Under this line are records; the part from the line containing "Navy Kashan Carpet" through the line containing "Campeonato de futsal" should be repeated exactly. Please exclude pictures.

Start of Records shown

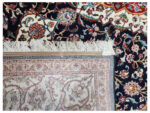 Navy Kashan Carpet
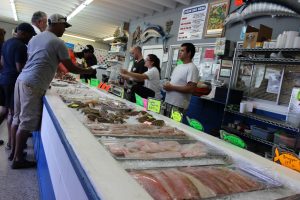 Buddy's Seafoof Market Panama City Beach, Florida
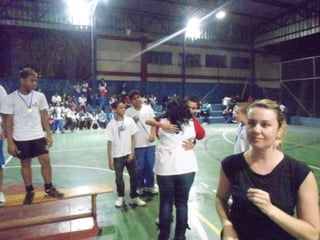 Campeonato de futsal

End of Records shown
Start of Records shown

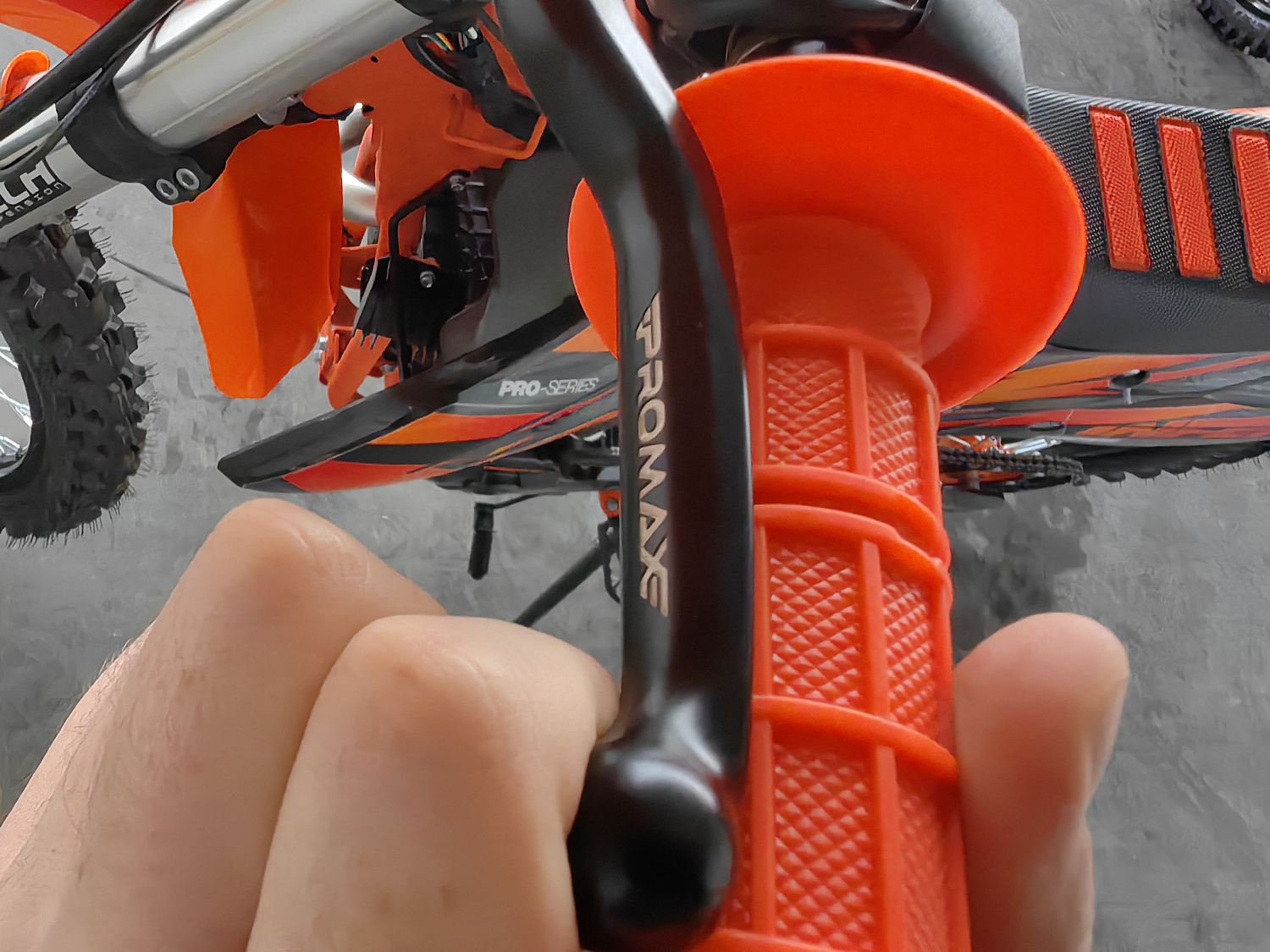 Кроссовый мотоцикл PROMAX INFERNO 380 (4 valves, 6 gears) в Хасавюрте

End of Records shown
Start of Records shown

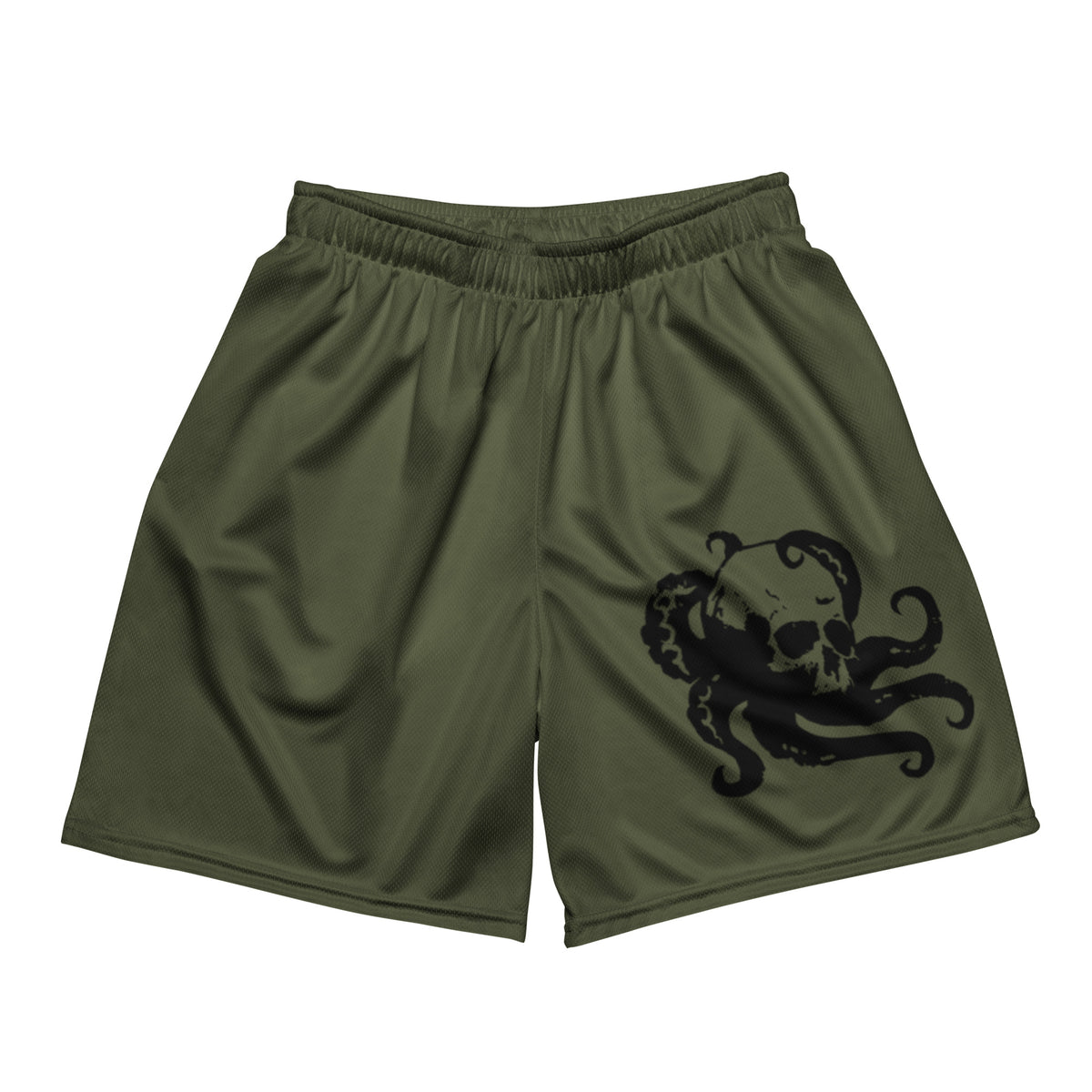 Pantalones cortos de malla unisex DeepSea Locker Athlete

End of Records shown

• Response:
 Navy Kashan Carpet
 Buddy's Seafoof Market Panama City Beach, Florida
 Campeonato de futsal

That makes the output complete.